Now, you can listen to our top news of the day

August 13, 2006|by TIM SHEA

In our continuing efforts to bring local news to more people in the Tri-State area and beyond, The Herald-Mail recently started producing daily podcasts with the top news stories of the day.

The podcasts came about through a partnership with Antietam Cable Television, which developed a Web site ( where anyone can listen to or download the day's top stories.

More information about the Web site will appear at the end of the column, but first, here is how we produce the podcasts.

The goal is to keep the podcasts short, but long enough to provide the basic information from the top stories.
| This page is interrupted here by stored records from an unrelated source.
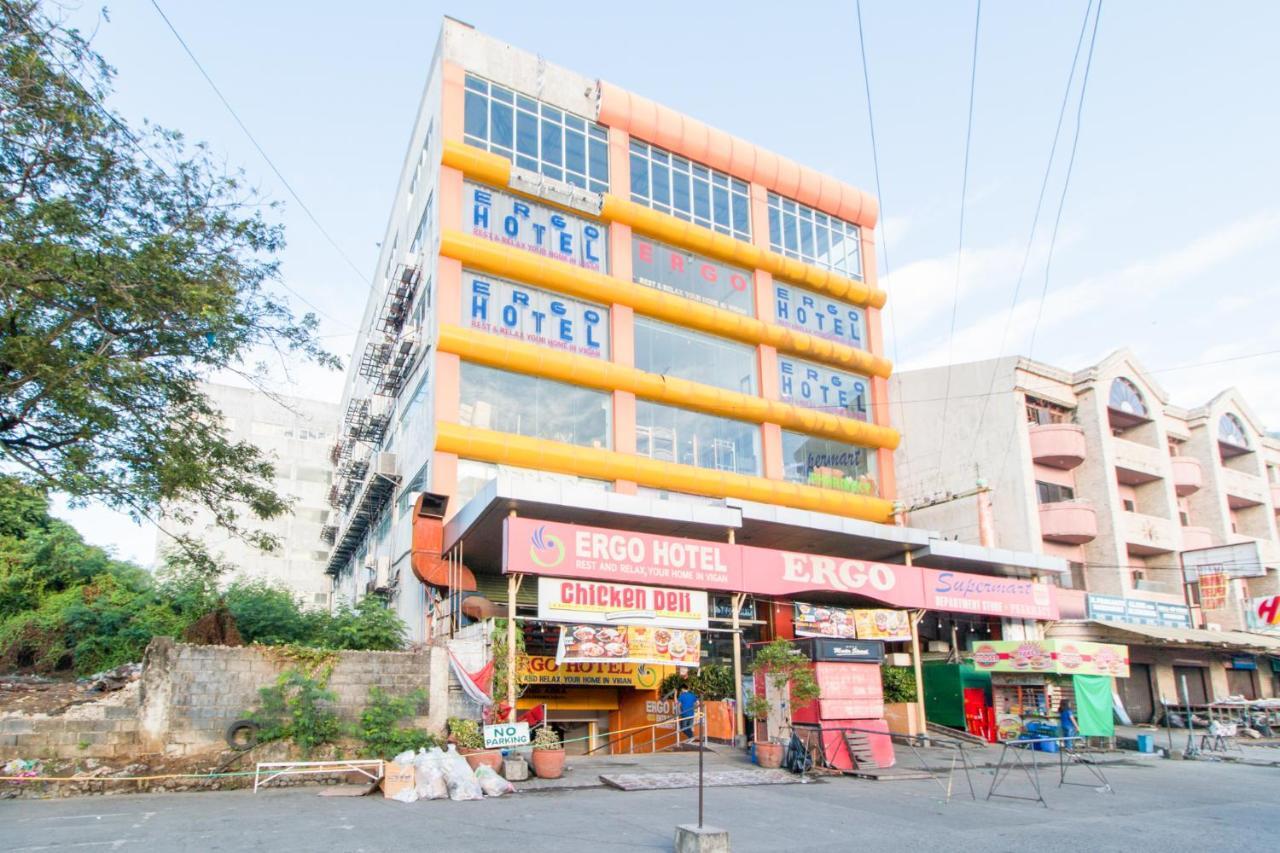 Reddoorz Plus Near Vigan City Commercial Center Экстерьер фото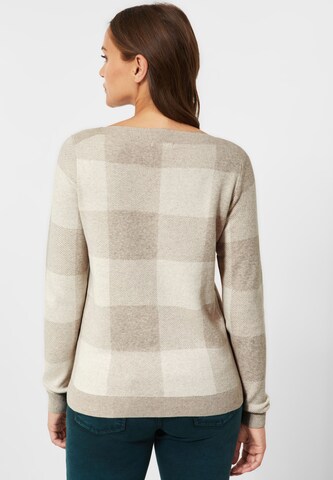 CECIL Pullover in Beige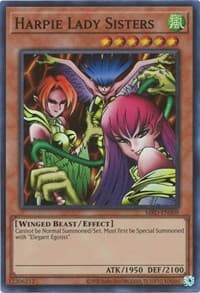 Harpie Lady Sisters - Metal Raiders (25th Anniversary Edition) - YuGiOh card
We keep these to about three minutes, so we determined that we could get about six stories onto each podcast.


Of the six stories, we typically choose the top four stories in Hagerstown and Washington County and one each from Pennsylvania and West Virginia. This changes depending on where the day's big stories happened. For example, on the podcast that was produced on July 30, there were two stories from West Virginia because a man was killed in a shooting in Berkeley County and another man drowned at a quarry in Jefferson County.

We put our heads together and look at the daily budget and determine which stories will make the cut for our podcasts. Once that is determined, it is up to our reporters to summarize their stories into three sentences. Nothing fancy - we just need to answer who, what, where, when and how in the summaries.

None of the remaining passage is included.